The Invention of Hugo Cabret by Brian Selznick is a children’s novel taking place at the turn of the 20th Century in Paris, France. We checked this book out from the library for my seven-year-old daughter to read, but I stayed up half a night reading it—and finished the next morning.

Twelve-year-old Hugo shoulders a lot of responsibility for his age. His parents are dead and his caretaker is his drunkard uncle, tender to the train station’s clocks, which one day simply disappears.

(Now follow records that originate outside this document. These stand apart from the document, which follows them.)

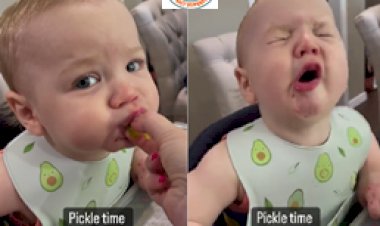 Viral Video: पहली बार अचार चखने के बाद बच्चे ने दिया रिएक्शन ! क्यूटनेस से लोग हुए इमप्रेश, देखे विडियो...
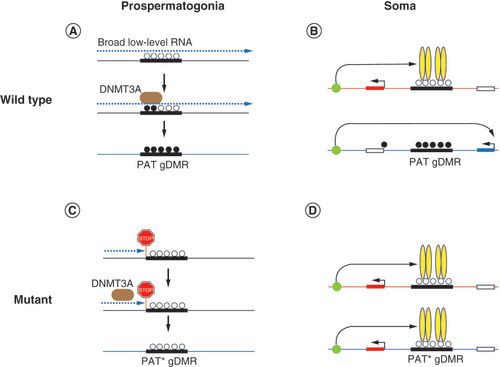 Figure 5. Transcription across a paternal germline differentially methylated region facilitates methylation imprint establishment in the male germline. (A) Broad, low-level transcription runs across a PAT gDMR and facilitates de novo DNA methylation of the PAT gDMR [Citation1] by DNMT3A. (B) A typical PAT gDMR is methylated in the chromosome inherited from the sperm (bottom). The same sequence is unmethylated and functions (in this case, as an enhancer-insulator bound by CTCF, yellow) exclusively in the maternal chromosome (top), affecting imprinted genes of the domain. (C) Truncation of the broad, low-level transcript results in hypomethylated PAT* gDMR. (D) When a hypomethylated PAT* gDMR is inherited from the male germline, imprinted gene expression is absent in the soma.gDMR: Germline differentially methylated regions; PAT: Paternal.Figure modified from [Citation1] Creative Commons Attribution License 4.0 (CC BY).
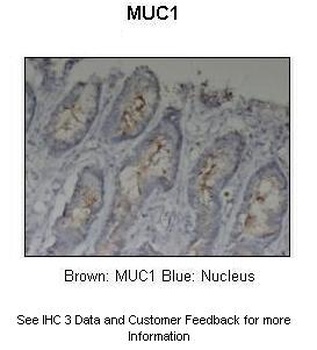 MUC1 Antibody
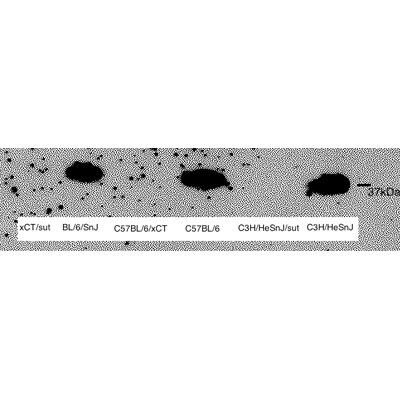 xCT Antibody - BSA Free NB300-318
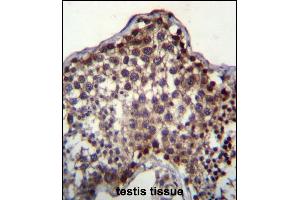 PQLC2 Antibody (C-term) (ABIN657031 and ABIN2846205) immunohistochemistry analysis in formalin fixed and paraffin embedded human testis tissue followed by peroxidase conjugation of the secondary antibody and DAB staining. (PQLC2 antibody  (C-Term))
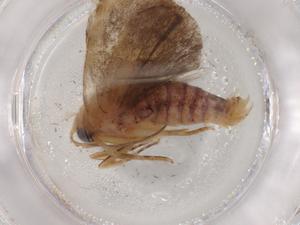  ( - BIOUG86481-G07)  @11 [ ] CreativeCommons - Attribution (2022) Centre for Biodiversity Genomics Centre for Biodiversity Genomics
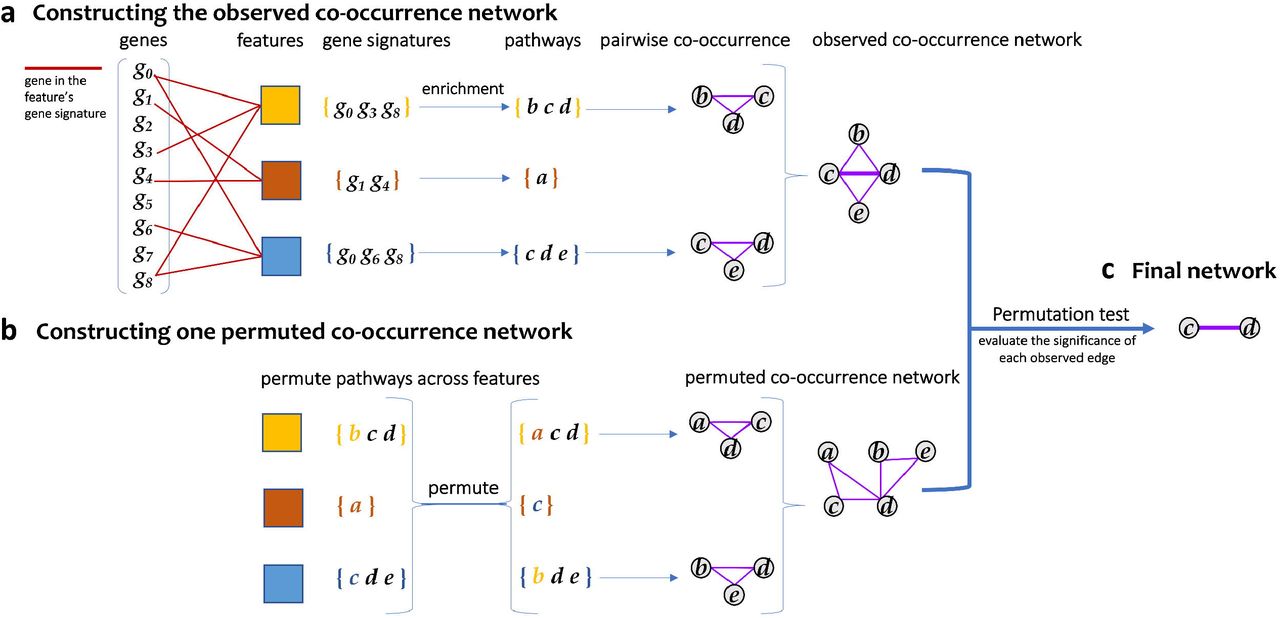 The approach implemented in PathCORE-T to construct a pathway co-occurrence network from an expression compendium.(a) A user-selected feature extraction method is applied to expression data. Such methods assign each gene a weight, according to some distribution, that represents the gene’s contribution to the feature. The set of genes that are considered highly representative of a feature’s function is referred to as a feature’s gene signature. The gene signature is user-defined and should be based on the weight distribution produced by the unsupervised method of choice. In the event that the weight distribution contains both positive and negative values, a user can specify criteria for both a positive and negative gene signature. A test of pathway enrichment is applied to identify corresponding sets of pathways from the gene signature(s) in a feature. We consider pathways significantly overrepresented in the same feature to co-occur. Pairwise co-occurrence relationships are used to build a network, where each edge is weighted by the number of features containing both pathways.(b) N permuted networks are generated to assess the statistical significance of a co-occurrence relation in the graph. Here, we show the construction of one such permuted network. Two invariants are maintained during a permutation: (1) pathway side-specificity (if applicable, e.g. positive and negative gene signatures) and (2) the number of distinct pathways in a feature’s gene signature.(c) For each edge observed in the co-occurrence network, we compare its weight against the weight distribution generated from N (default: 10,000) permutations of the network to determine each edge’s p-value. After correcting the p-value by the number of edges observed in the graph using the Benjamini—Hochberg procedure, only an edge with an adjusted p-value below alpha (default: 0.05) is kept in the final co-occurrence network.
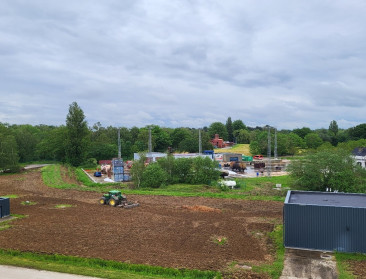 Wilgen, hennep en enzymes halen PFAS uit bodem en grondwater in uniek saneringsproject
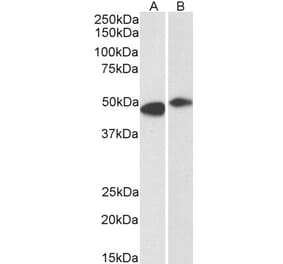 Western Blot - Anti-FBXL2 Antibody (A83949) - Antibodies.com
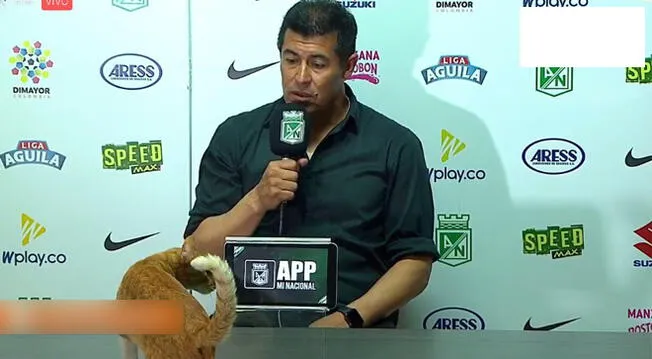 Youtube viral: DT de Atlético Nacional sufrió el susto de su vida por parte de un gato en plena conferencia [VIDEO]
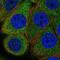 Eukaryotic Translation Initiation Factor 2B Subunit Epsilon antibody, NBP2-56270, Novus Biologicals, Immunofluorescence image 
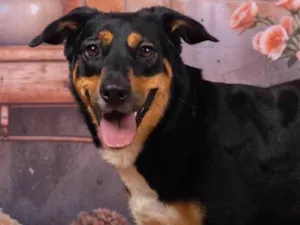 Cachorro raça SRD-ViraLata idade 2 anos nome Kyara 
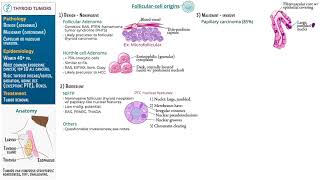 Thyroid Tumors 2024 [upl. by Iclehc]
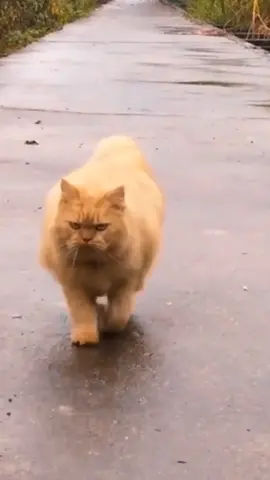 si mbull#musiktiktokviral #cutecat #meong #mpus #kucingimut #kucinglucu #viral #meong #fyp #pecintakucing #memekucing #anakkucing #cat 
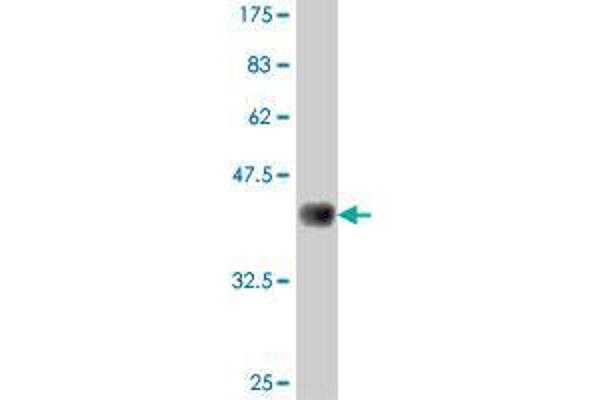 FBXO44 antibody  (AA 168-255)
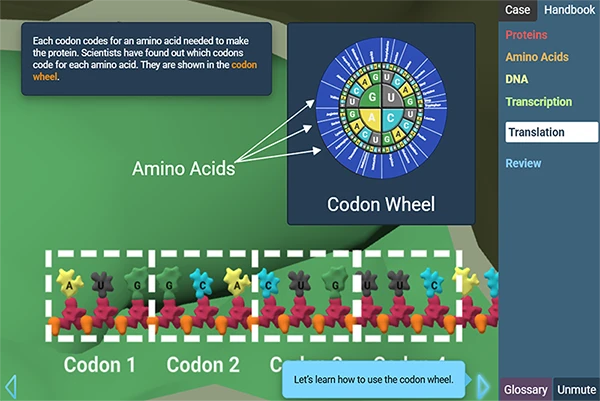 Protein Synthesis STEM Case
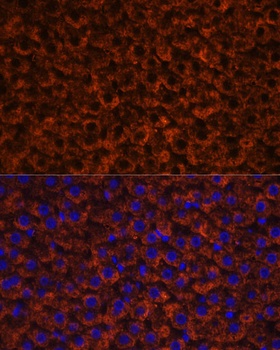 F9 Antibody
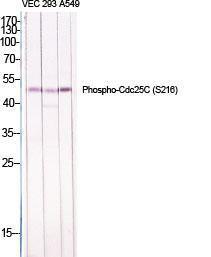 Western blot analysis of various cells using Anti-CDC25C (phospho Ser216) Antibody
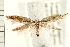  ( - PFC-2006-0260)  @13 [ ] CreativeCommons - Attribution (2008) Unspecified Centre for Biodiversity Genomics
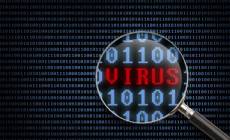 Virus & Malware removal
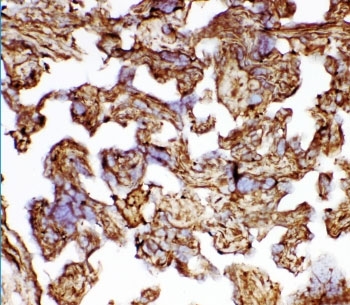 IHC staining of frozen human placental tissue with HSP27 antibody.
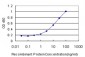 EMILIN1 Antibody (monoclonal) (M01)
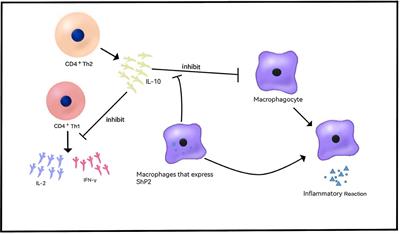 Corrigendum: New Insights and Advances in Pathogenesis and Treatment of Very Early Onset Inflammatory Bowel Disease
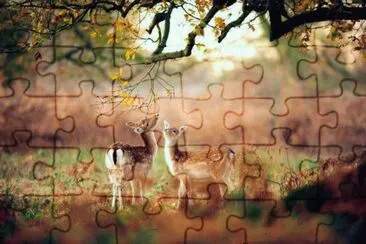 ImÃ¡genes jigsaw puzzle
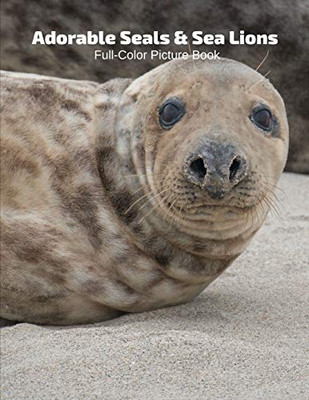 Adorable Seals & Sea Lions Full-Color Picture Book: Seals Picture Book for Children, Seniors and Alzheimer�s Patients -Mammals Wildlife Nature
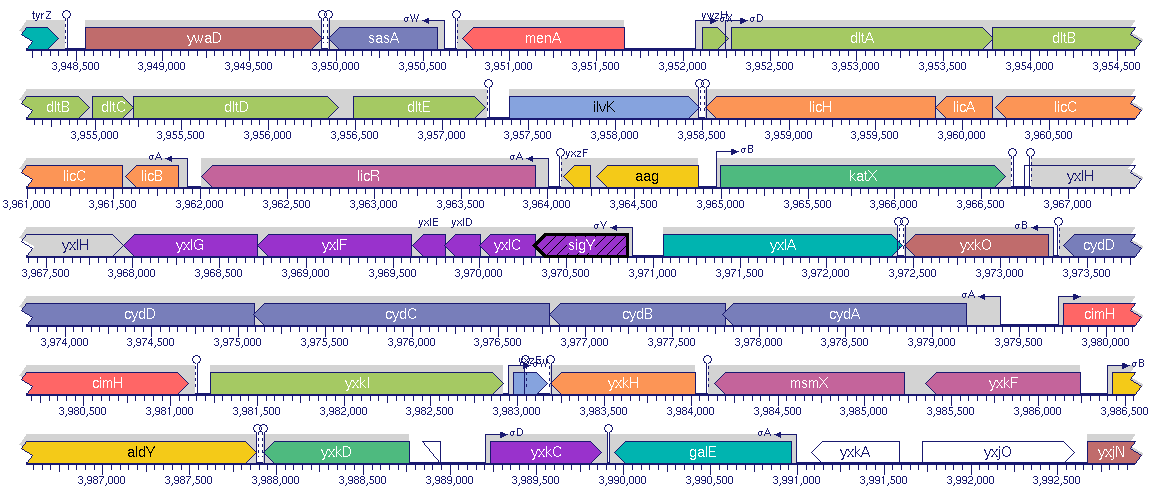 Genome Browser screenshot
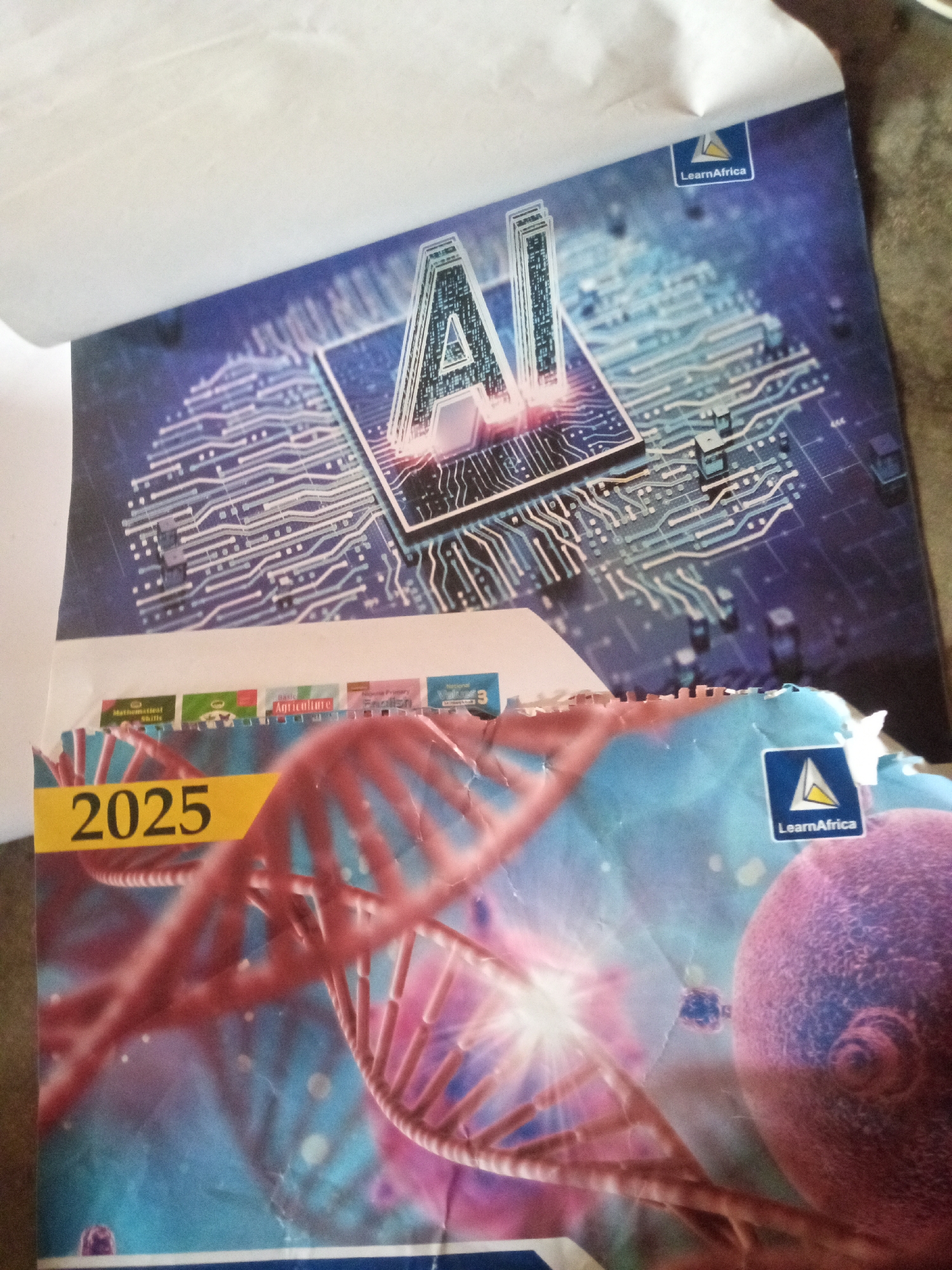 The image shows the covers of two notebooks. The top notebook has a blue background with a circuit board design and the word "AI" in large, stylized letters. A "LearnAfrica" logo is visible in the top right corner. The bottom notebook has a colorful background depicting a DNA helix and cells. A yellow band across the bottom of this notebook reads "2025." A "LearnAfrica" logo is also present on this notebook, in the top right corner. The image was taken in Jalingo, Nigeria.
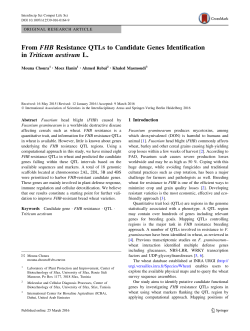 From FHB Resistance QTLs to Candidate Genes Identification in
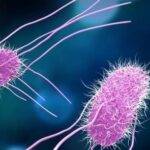 Salmonella bacteria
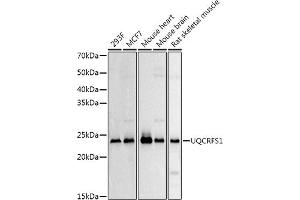 Western blot analysis of extracts of various cell lines, using UQCRFS1 Rabbit pAb antibody (ABIN6131106, ABIN6149963, ABIN6149965 and ABIN6222528) at 1:500 dilution. (UQCRFS1 antibody  (AA 79-274))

Son of a watchmaker, Hugo, who loves to tinker with mechanical toys, takes it upon himself to maintain the clocks while hiding in the hidden world of the train station. One day he finds an automaton, a mechanical man, cherished by his late father. Hugo restores the toy using his father’s notebook as a reference, and he gets his parts by stealing them from the old man who owns a toy kiosk in the station.

Turns out that old man is actually a cinematic giant—Georges Méliès--who made Hugo’s father favorite film. And that is just the start of the story.

The Invention of Hugo Cabret is a unique book. It's not quite a book, not quite a graphic novel, but an amalgamation of the two in which a few pages of text are followed by several pages of pictures, which, instead of illustrating what one just read, move the story forward .

While this book is targeted towards the young, anyone young at heart would enjoy it, especially movie buffs, as Georges Méliès plays a significant part in this tale. Part folktale, part fantasy, part history book with magnificent drawing and photographs of old films, The Invention of Hugo Cabret defies categorization. Add a boy, a girl, an automaton, toys, a key, clocks, train station, and a one-eyed man and what you get is a fantastic fable which is simple yet complex and somewhat bizarre.

My favorite aspect of the book is the homage to silent films, not only using context, but the rich illustrations--all black and white--which reminds one more of movie stills than graphic novels.

While The Invention of Hugo Cabret is relatively long (it comes in at a whopping 533 pages), it is a short read; the text pages are short and easy to read and most of the book is comprised of the wonderful pictures mentioned above. I read the whole book in a day, and even though I borrowed this book from the library, I am seriously thinking about buying a copy of this fabulous work of art.

  • 533 pages
  • Publisher: Scholastic Press
  • Language: English
  • ISBN-10: 0439813786

Buy this book in paper format.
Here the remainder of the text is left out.